WORK REQUEST
Nothing but the lines below from the one with "image for item" through the one with "Ryde Apartment | Old Byre Little Upton Farm" should be output, each exactly as given, and no pictures.

ENTRIES PROVIDED
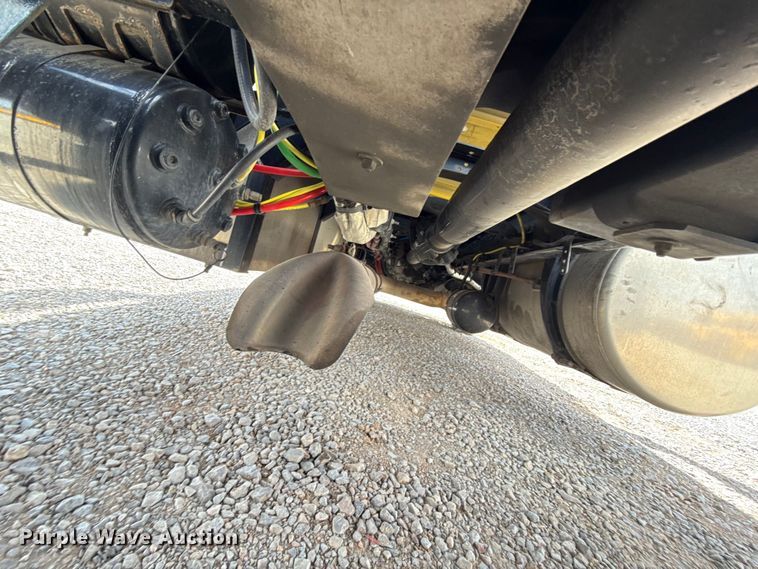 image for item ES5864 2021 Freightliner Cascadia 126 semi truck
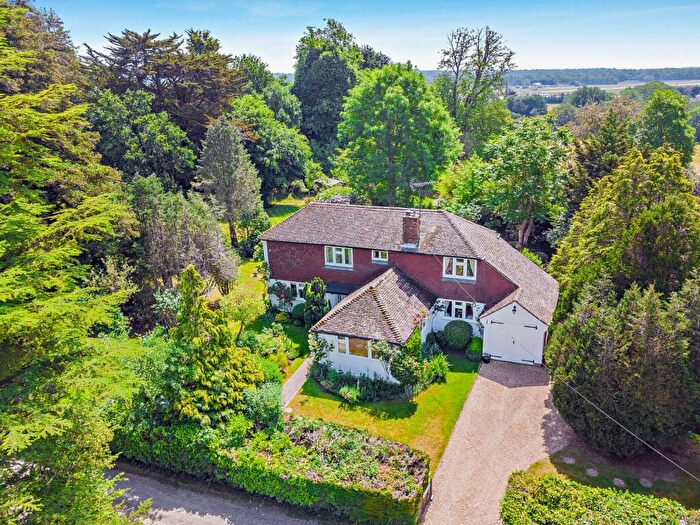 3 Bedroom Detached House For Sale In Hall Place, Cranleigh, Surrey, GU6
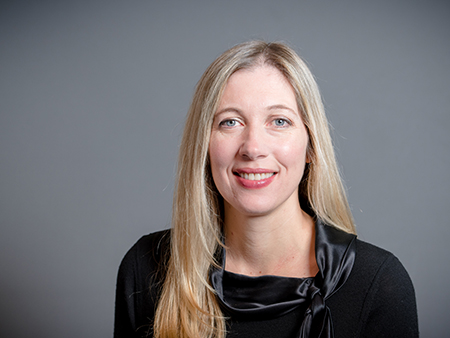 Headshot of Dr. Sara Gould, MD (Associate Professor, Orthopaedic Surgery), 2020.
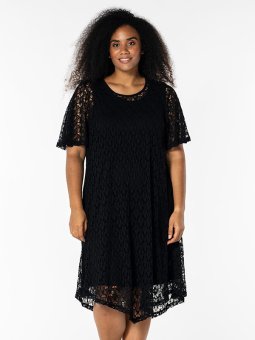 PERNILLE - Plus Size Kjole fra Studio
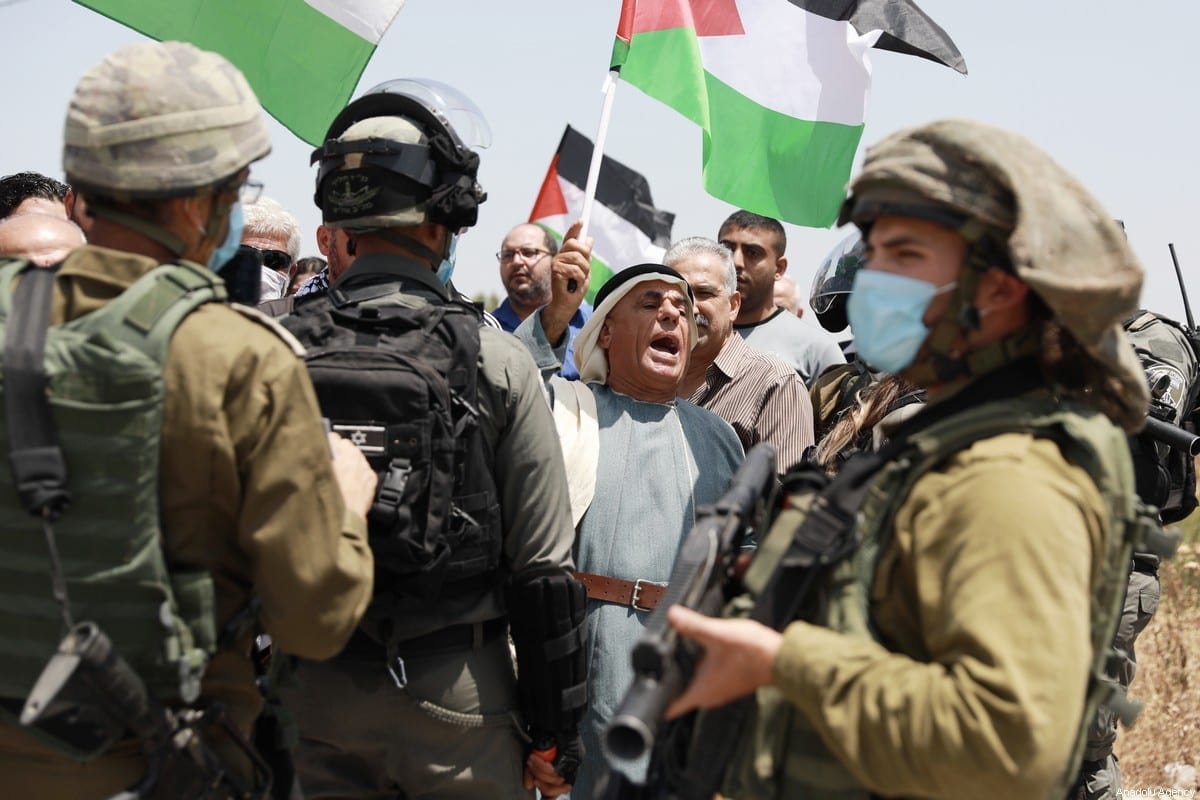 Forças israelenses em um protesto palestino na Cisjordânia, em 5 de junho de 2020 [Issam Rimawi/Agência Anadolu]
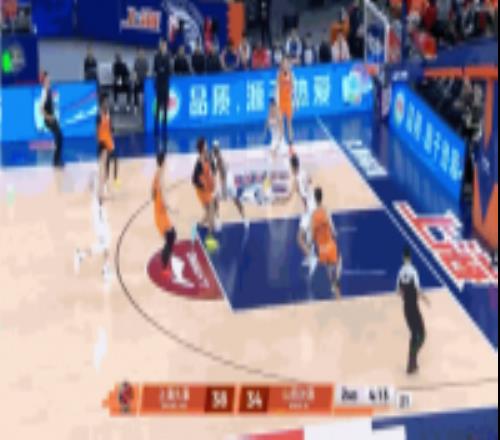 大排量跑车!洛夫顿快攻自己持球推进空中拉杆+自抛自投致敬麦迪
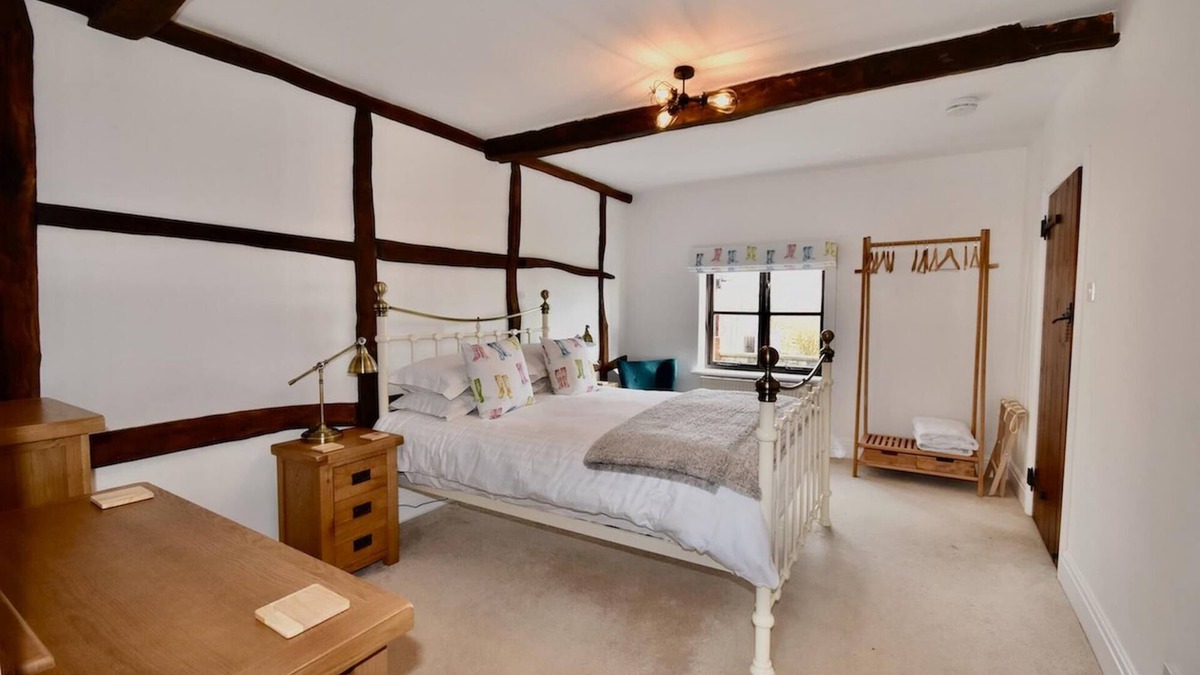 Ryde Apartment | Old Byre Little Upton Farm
---
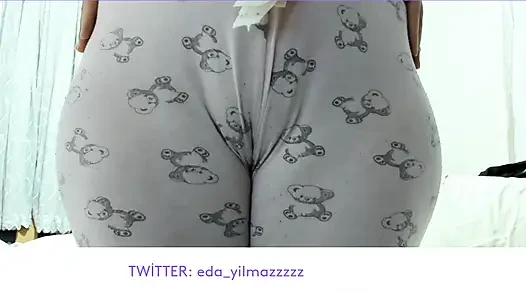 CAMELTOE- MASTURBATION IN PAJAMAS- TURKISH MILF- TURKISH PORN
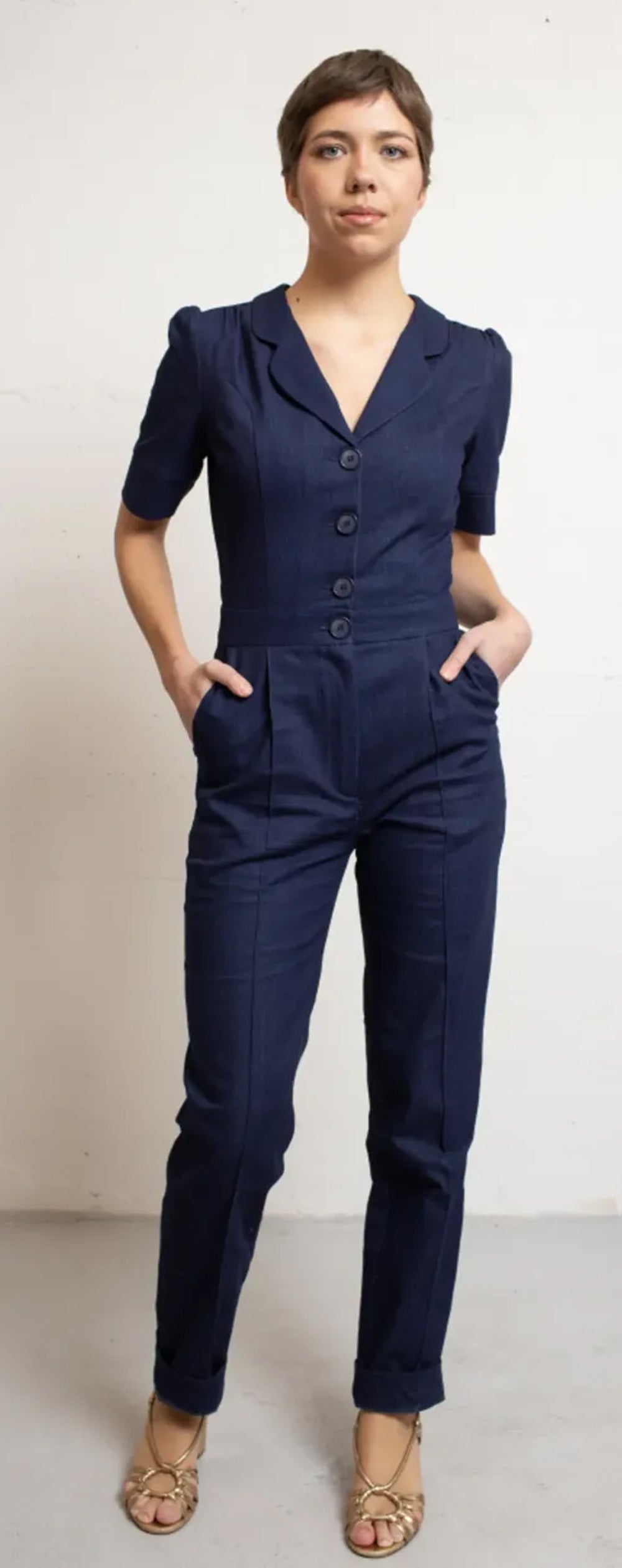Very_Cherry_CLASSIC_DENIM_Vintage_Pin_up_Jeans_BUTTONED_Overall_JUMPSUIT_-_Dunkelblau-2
---
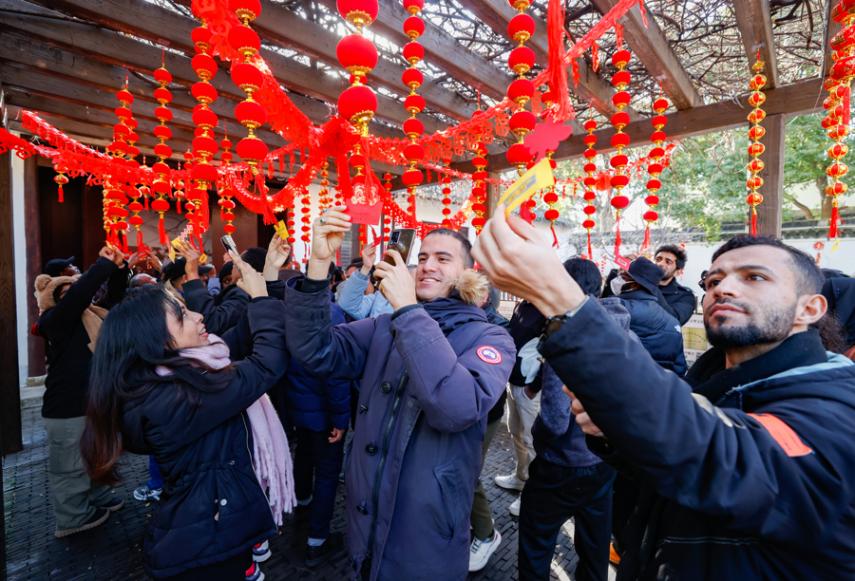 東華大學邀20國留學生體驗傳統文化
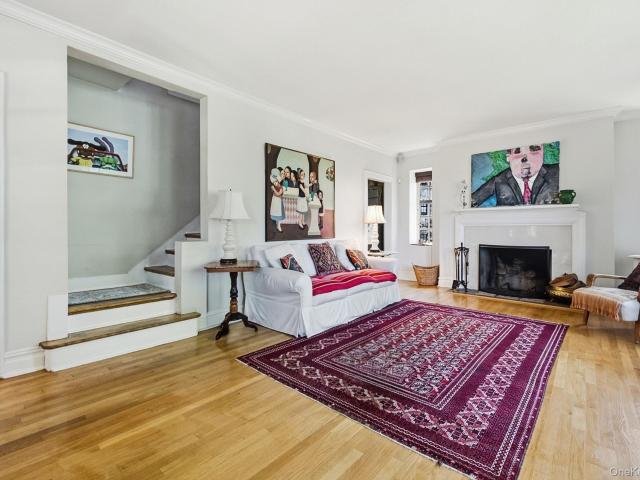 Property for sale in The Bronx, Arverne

ANSWER BOX
 image for item ES5864 2021 Freightliner Cascadia 126 semi truck
 3 Bedroom Detached House For Sale In Hall Place, Cranleigh, Surrey, GU6
 Headshot of Dr. Sara Gould, MD (Associate Professor, Orthopaedic Surgery), 2020.
 PERNILLE - Plus Size Kjole fra Studio
 Forças israelenses em um protesto palestino na Cisjordânia, em 5 de junho de 2020 [Issam Rimawi/Agência Anadolu]
 大排量跑车!洛夫顿快攻自己持球推进空中拉杆+自抛自投致敬麦迪
 Ryde Apartment | Old Byre Little Upton Farm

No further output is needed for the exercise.